The distributed computing environments typical in business today, which tie information to a single server, lack the flexibility to meet these needs. But a relatively new approach to information management, known as the storage area network (SAN), promises to provide the foundation for the development of the corporate information utility.

The Promise of SANs

As previously explained, a SAN is a high-speed network dedicated to information management. More formally, a SAN is a combination of technologies (including hardware, software, and networking components) that provides any-to-any interconnection of server and storage elements.

By separating information management from information processing, a SAN provides the flexibility required to meet the new computing requirements defined in the preceding. More to the point, by enabling the free, immediate exchange of information, a SAN provides the foundation for a zero-latency computing environment.

SANs are based on a fabric of Fibre Channel hubs, switches, and gateways connecting storage devices (such as disk arrays, optical disks, and tape libraries) and servers on a many-to-many basis. Application and transaction servers are attached to both the SAN and to local area networks (LANs) or wide area networks (WANs), creating what appears to be a massive pool of data.

SANs can be configured to provide servers in different locations with direct access to huge amounts of shared storage resources. A SAN also can enable direct storage-to-storage connectivity (for example, between multiple disk arrays or between a disk array and a tape library), allowing management activities such as backups and archiving to take place independent of any server.

Inherent in the promise of SANs are two compelling advantages. The first is the creation of a true information utility. By eliminating the one-to-one relationship between individual servers and critical business data to create a corporate information bank, a SAN can make that information readily available across the enterprise.

The second advantage is that a SAN can provide a faster, more effective way to deal with rapidly increasing volumes of information. With a separate information-management network, additional capacity can be plugged in as needed with minimal impact on the performance of application or transaction servers, LANs or WANs.

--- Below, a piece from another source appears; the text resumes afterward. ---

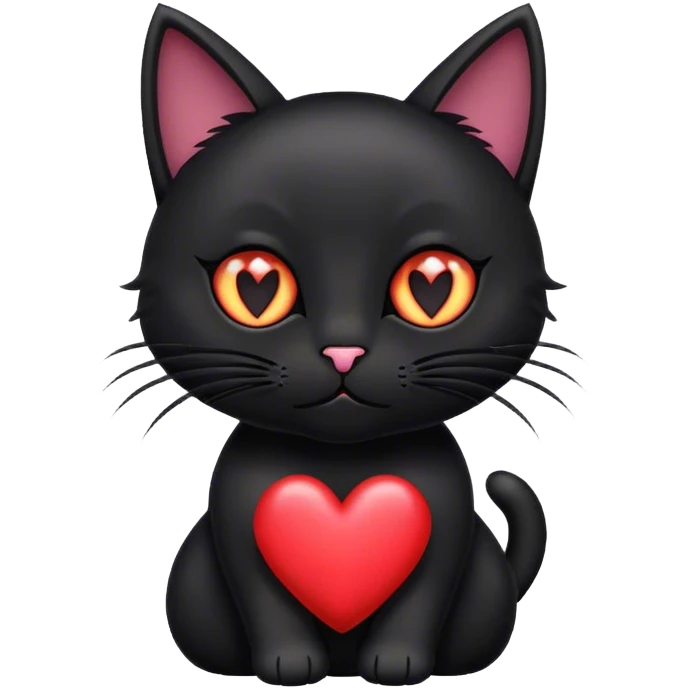 black cat with heart eyes emoji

SANs promise more responsive and robust systems as well. For example, by reducing the amount of traffic that must travel along corporate networks, installing a SAN has the effect of increasing available bandwidth. The result is response times that are well matched to the requirements of e-business.

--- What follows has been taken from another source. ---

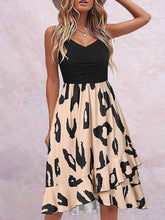 Casual Dresses for Women Leopard Ruched Spaghetti Strap Beach Midi Dress Summer Sleeveless V Neck Floral A Line Sundress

Performance is further enhanced by improved backup and recovery capabilities. With a SAN, backup and recovery can take place without involving either the existing LAN or WAN or the individual application or transaction servers.

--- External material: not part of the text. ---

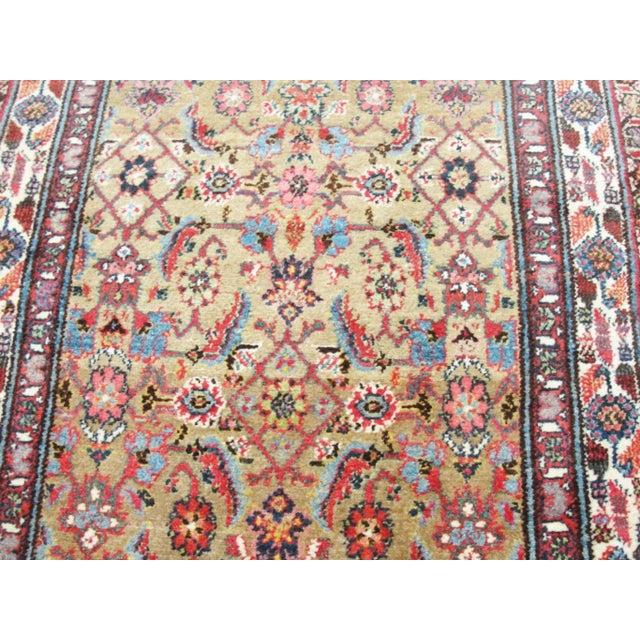 Textile Antique Persian Malayer Runner, Camel Color 3'4" × 14'11" For Sale - Image 7 of 10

In addition, with information no longer tied to any one server in particular, failure of a single server is less likely to degrade information availability. SANs will support advanced multiserver clustering solutions for new levels of information availability and business continuity. And SANs permit near-real-time updates of remote disaster recovery sites for higher levels of disaster tolerance.

Management also is greatly simplified. A SAN permits the use of a common set of tools and a single point of control to manage a centralized pool of information. As a technology marrying storage, servers, networking, and systems management, SAN requires an unprecedented level of cross-discipline expertise.

Finally, storage area networks today are where e-business was just a few years ago. It is clear that they can play a critical part in establishing a competitive edge in today's dynamic global business environment, but many organizations regard them with confusion or outright skepticism.

Like e-business, the promise of SANs is compelling; a SAN offers the ability to connect to more people, handle the incredible growth of business data, and respond more quickly to customer wants and needs. But, like e-business, it will require an holistic, multidisciplinary approach to deliver the full benefits of SANs in the least amount of time.